When the pressure Pb in the actuator hydraulic line 9b rises further to or above the set value P1 of the overload relief valve 12, the hydraulic fluid in the actuator hydraulic line 9b is recovered by the regenerative hydraulic motor 71 while also being discharged through the overload relief valve 12. In this case, the flow rate through the regenerative hydraulic motor 71 is immediately adjusted to the target flow rate according to the pressure flow rate characteristic a (flow rate equivalent to or higher than the relief flow rate of the overload relief valve 12) by the revolution speed control of the generator/motor 72 having high responsiveness.
Thereafter, with the deceleration of the swing structure 200, the discharge flow rate from the swing hydraulic motor 3 drops and the pressure Pb in the actuator hydraulic line 9b also drops. In this case, the flow rate through the regenerative hydraulic motor 71 is immediately adjusted to the target flow rate corresponding to the pressure Pb by the revolution speed control of the generator/motor 72 having high responsiveness. Thus, the pressure Pb in the actuator hydraulic line 9b is prevented from falling below the set value P1 in the swing deceleration and excellent operability can be secured.

Effect

In this embodiment configured as above, when the pressure in the actuator hydraulic lines 9a and 9b is lower than the set value P1 which has been set at a value equivalent to or slightly lower than the relief start pressure P0 of the overload relief valves 10 and 12, the target flow rate of the regenerative hydraulic motor 71 is set at zero or a low flow rate within an extent in which the hydraulic pressure in the regeneration hydraulic line does not become negative pressure according to the pressure flow rate characteristic a, and no hydraulic fluid is recovered from the actuator hydraulic lines 9a and 9b. Therefore, the pressure in the actuator hydraulic lines 9a and 9b does not drop and excellent operability equivalent to that in the conventional technology can be secured.
In contrast, when the pressure in the actuator hydraulic lines 9a and 9b exceeds the set value P1, the flow rate through the regenerative hydraulic motor 71 is immediately adjusted to the target flow rate corresponding to the pressure on the high-pressure side of the pair of actuator hydraulic lines 9a and 9b by the revolution speed control of the generator/motor having high responsiveness. Thus, the pressure on the high-pressure side of the pair of actuator hydraulic lines 9a and 9b is maintained to be higher than or equal to the set value P1 at times of starting the swinging and decelerating the swinging, by which excellent operability equivalent to that in the conventional technology can be secured.
Further, the flow rate change rate when the pressure in the regeneration hydraulic line 16 exceeds the set value P1 is set to be equivalent to the flow rate change rate in the override characteristic of the overload relief valves 10 and 12. With this setting, the target flow rate of the regenerative hydraulic motor 71 is constantly set to be equivalent to or higher than the relief flow rate of the overload relief valves 10 and 12. Therefore, the regeneration efficiency of the hydraulic fluid energy can be increased.

Modification

Incidentally, the target flow rate setting unit 81 shown in Fig. 3 may also be configured to refer to a conversion table 82A shown in Fig. 5 instead of the conversion table 82 shown in Fig. 4. The conversion table 82A differs from the conversion table 82 in that the target flow rate takes on a constant value when the detected pressure is higher than or equal to a set value P3 (second set value) that has been set higher than the set value P1.
With this setting, the flow rate through the regenerative hydraulic motor 71 is controlled to be constant when the pressure in the actuator hydraulic lines 9a and 9b is higher than or equal to the set value P3 that has been set higher than the set value P1. Therefore, pressure fluctuations in the actuator hydraulic lines 9a and 9b caused by flow rate fluctuation in the regenerative hydraulic motor 71 can be suppressed.
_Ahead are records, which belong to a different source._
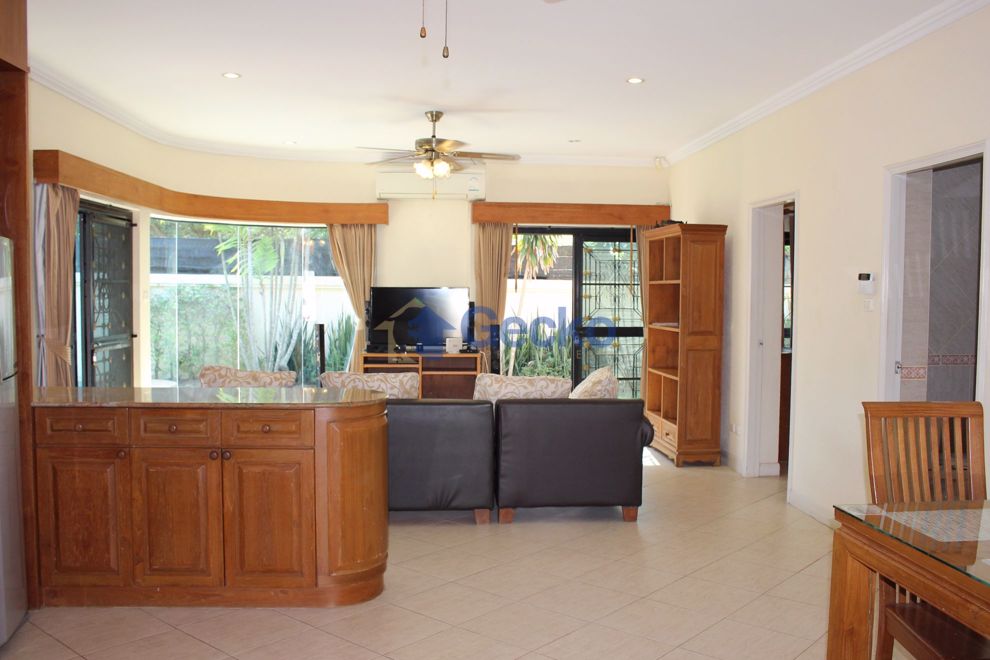 2 ห้องนอน บ้าน in Siam Executive Estate  พัทยาตะวันออก H007525 (Photo 2)
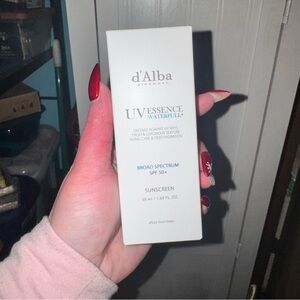 Essence waterfull sunscreen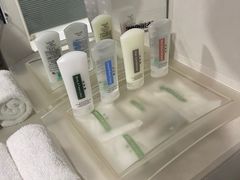 -上海浦东假日酒店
Description of Reference Characters

1:: Engine (prime mover)
2:: Hydraulic pump
3:: Swing hydraulic motor
4:: Control valve
5:: Spool valve
5a,: 5b: Pilot pressure-receiving parts
6:: Swing operating device
7:: Regeneration device
8:: Controller (control unit)
9a, 9b:: Actuator hydraulic lines
10a, 10b:: Pilot hydraulic lines
10, 12:: Overload relief valves
11, 13:: Makeup valves
14, 15:: Check valves
16:: Regeneration hydraulic line
17:: Selector valve
18:: Pressure sensor
31:: Boom cylinder
32:: Arm cylinder
33:: Bucket cylinder
34:: Travel hydraulic motor
61:: Pilot valve
62:: Control lever
71:: Regenerative hydraulic motor
72:: Generator/motor
73:: Inverter
74:: Chopper
75:: Electrical storage device
81:: Target recovery flow rate setting unit
82:: Conversion table
83:: Division unit
84:: Output conversion unit
100:: Lower track structure
101:: Crawler
102:: Crawler frame
200:: Upper swing structure
201:: Swing frame
300:: Excavation mechanism
301:: Boom
302:: Arm
303:: Bucket

Claims

A construction machine comprising:
a swing structure;

a swing hydraulic motor that rotationally drives the swing structure;

a regeneration device including a regeneration hydraulic line connected to a pair of actuator hydraulic lines for supplying and discharging hydraulic fluid for the swing hydraulic motor, a regenerative hydraulic motor connected to the regeneration hydraulic line, and a generator/motor that rotates together with the regenerative hydraulic motor;

a pressure detection device capable of detecting at least a pressure on a high-pressure side of the pair of actuator hydraulic lines;

overload relief valves connected to the actuator hydraulic lines; and

a control unit that sets a target flow rate of the regenerative hydraulic motor at zero or a low flow rate within an extent in which hydraulic pressure in the regeneration hydraulic line does not become negative pressure when the detected pressure on the high-pressure side of the pair of actuator hydraulic lines detected by the pressure detection device is lower than a first set value previously set by the overload relief valves, sets the target flow rate of the regenerative hydraulic motor at a value corresponding to the detected pressure when the detected pressure is higher than or equal to the first set value, and controls a revolution speed of the generator/motor in such a manner that a flow rate through the regenerative hydraulic motor equals the target flow rate.
The construction machine according to claim 1,
wherein the control unit sets the target flow rate when the detected pressure is higher than or equal to the first set value by simulating an override characteristic of the overload relief valves.
The construction machine according to claim 1,
wherein the control unit sets the target flow rate of the regenerative hydraulic motor at a constant value when the detected pressure is higher than or equal to a second set value that has been set higher than the first set value.
The construction machine according to any one of claims 1 to 3, further comprising
a selector valve that is arranged in the regeneration hydraulic line, establishes communication through the regeneration hydraulic line when the pressure on the high-pressure side of the pair of actuator hydraulic lines is higher than or equal to a third set value that has been set equivalent to or lower than the first set value, and blocks the regeneration hydraulic line when the pressure on the high-pressure side of the pair of actuator hydraulic lines is lower than the third set value.